# YOUR OBJECTIVE:
The lines to return are those below that contain the word "Used".

# RECORDS SUPPLIED:
====
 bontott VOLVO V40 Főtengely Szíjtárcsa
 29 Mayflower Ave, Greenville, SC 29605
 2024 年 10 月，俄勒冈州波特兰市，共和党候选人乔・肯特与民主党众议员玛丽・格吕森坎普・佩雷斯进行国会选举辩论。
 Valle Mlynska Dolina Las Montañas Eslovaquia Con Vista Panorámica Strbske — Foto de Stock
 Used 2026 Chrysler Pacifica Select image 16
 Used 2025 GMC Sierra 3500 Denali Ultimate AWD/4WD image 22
====
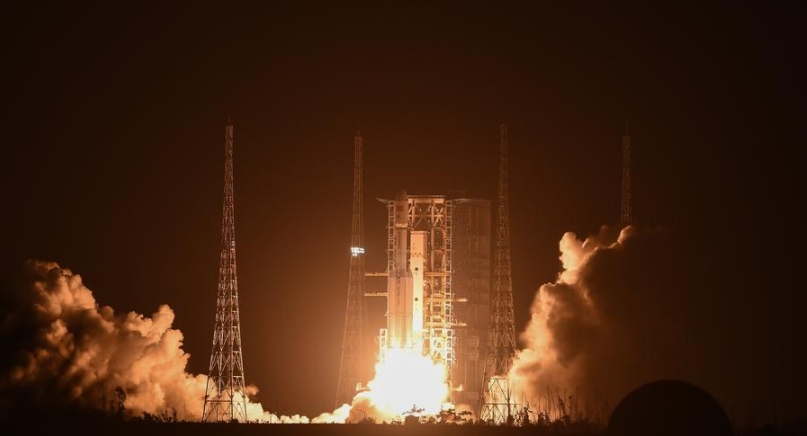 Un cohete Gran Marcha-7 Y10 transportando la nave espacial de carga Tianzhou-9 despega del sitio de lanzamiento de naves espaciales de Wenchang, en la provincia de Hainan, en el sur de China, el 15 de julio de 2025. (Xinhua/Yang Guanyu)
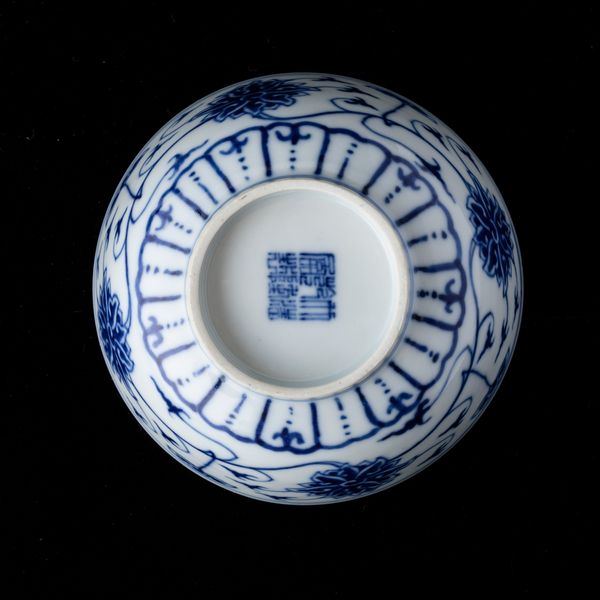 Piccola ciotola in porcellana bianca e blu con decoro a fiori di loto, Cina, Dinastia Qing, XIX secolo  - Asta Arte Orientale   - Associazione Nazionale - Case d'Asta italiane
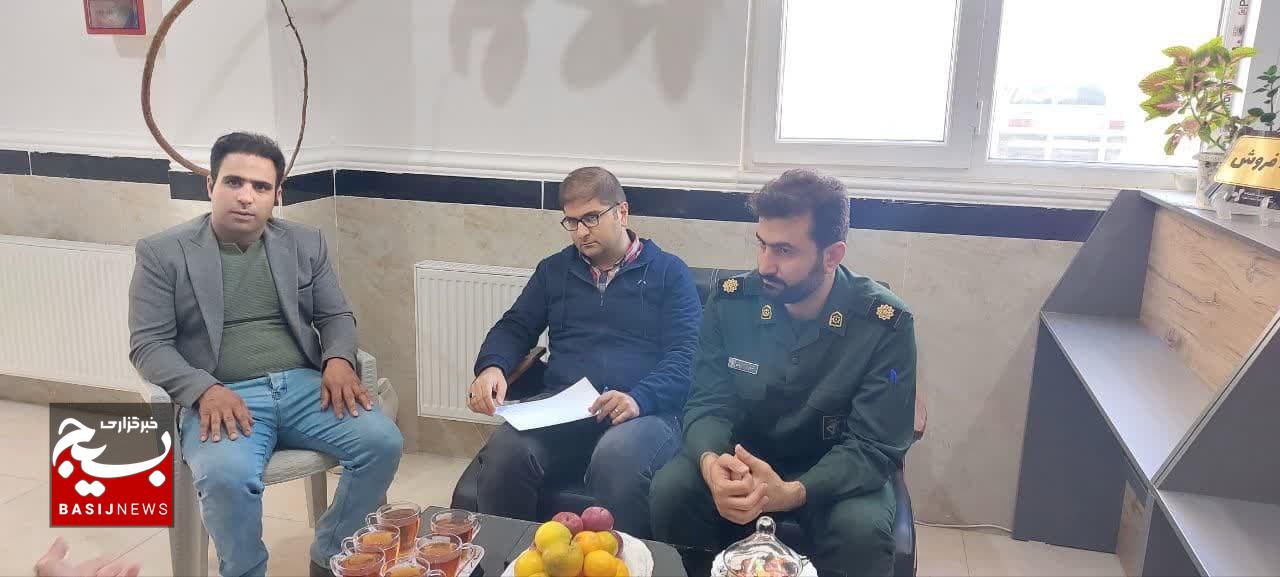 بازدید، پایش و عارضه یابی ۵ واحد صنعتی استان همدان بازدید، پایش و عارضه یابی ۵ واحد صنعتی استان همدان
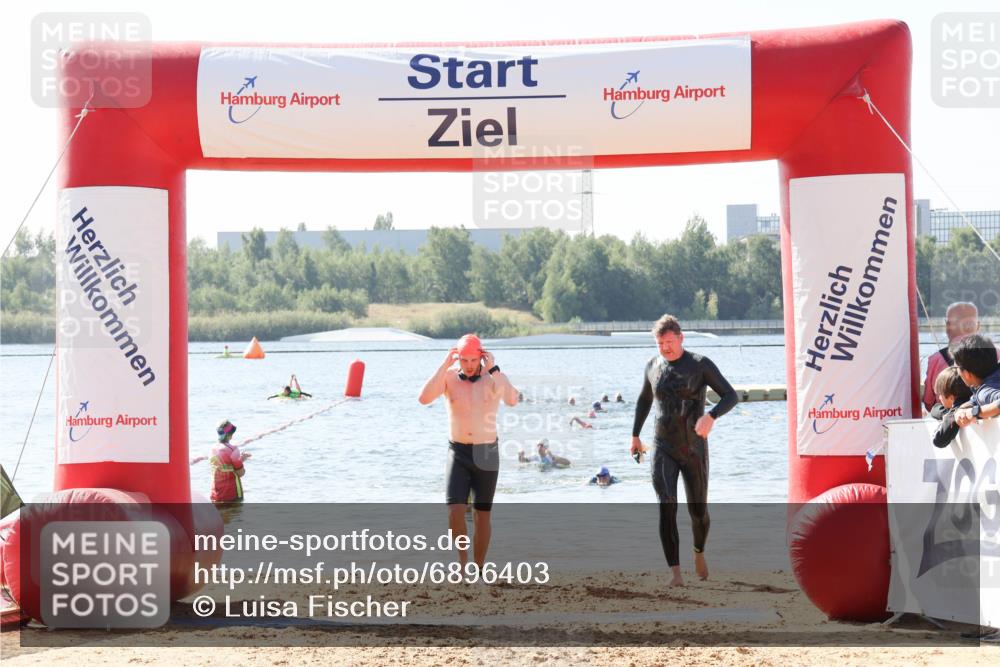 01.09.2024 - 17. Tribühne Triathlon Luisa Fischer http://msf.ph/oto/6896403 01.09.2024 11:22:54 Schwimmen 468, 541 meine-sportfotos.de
====
# RESPONSE AREA:
 Used 2026 Chrysler Pacifica Select image 16
 Used 2025 GMC Sierra 3500 Denali Ultimate AWD/4WD image 22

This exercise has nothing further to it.